Last night, the U.S. District Court for the Eastern District of New York held that warrantless queries of Americans’ communications collected under Section 702 of the Foreign Intelligence Surveillance Act violated the Fourth Amendment. This landmark decision is a critical victory against warrantless surveillance of Americans.
Jeramie Scott, EPIC Senior Counsel & Director of the Project on Surveillance Oversight, released the following statement regarding the landmark decision:
“The Court has reaffirmed what we already knew but what the government has fought so hard to deny: Warrantless searches of Americans’ information incidentally collected under FISA section 702 is a violation of the Fourth Amendment.
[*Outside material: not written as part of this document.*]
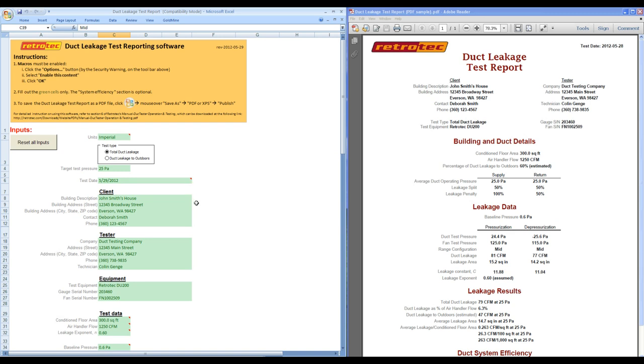Easily enter test details and contact information. Choose between using imperial or metric units.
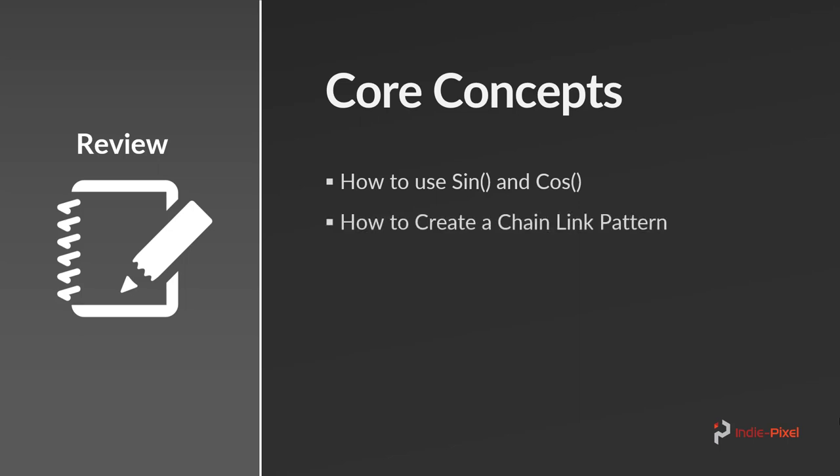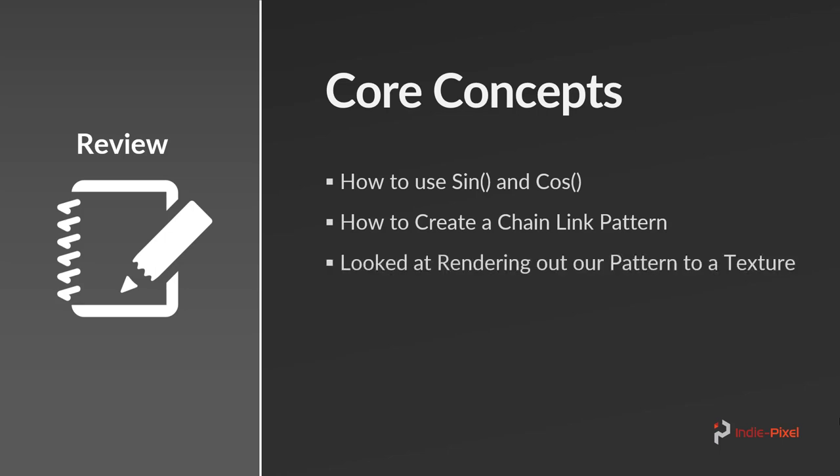Then we're going to go and create the full tiling chain link pattern all inside of SOPs and inside of Houdini, and we're going to take a look at rendering that out to a texture.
Section 702 is a broad surveillance authority and this opinion reinforces the need for Congress to reform it prior to any reauthorization.”
Section 702 authorizes surveillance programs targeting non-U.S. persons reasonably believed to be outside the U.S. to acquire “foreign intelligence information.” The court’s opinion addresses the FBI’s queries of communications “incidentally” gathered from the Defendant, Mr. Agron Hasbajrami, during a 702 investigation. The government only revealed these queries after Mr. Hasbajrami, a permanent U.S. resident, had served his sentence. Mr. Hasbajrami moved to suppress the Section 702 evidence.
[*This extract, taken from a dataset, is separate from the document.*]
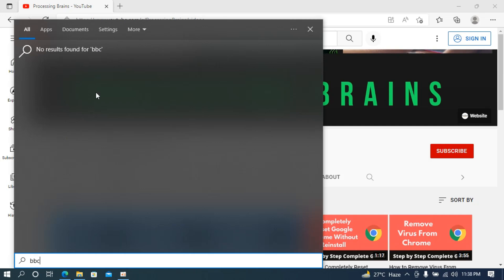Hope by doing so you will be able to disable Bing search on Windows 10 start menu. But before you go please like, subscribe and share. Thank you.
The court’s decision builds on the Second Circuit’s 2019 ruling that queries of databases containing Section 702-acquired information on people in the U.S. are separate Fourth Amendment events. The Court argued that no warrant requirement “would effectively allow law enforcement to amass a repository of communications under Section 702-including those of U.S. persons-that can later be searched on demand without limitation.” While the District Court found that the FBI’s Section 702 queries violated the Fourth Amendment, it denied Mr. Hasbajrami’s motion to suppress the resulting evidence on other grounds.
EPIC has been a staunch advocate for calling for broad reform of Section 702, working as part of a bipartisan coalition of civil society groups. EPIC published a blog series— including one on warrantless 702 searches—explaining Section 702 and why it must be reformed.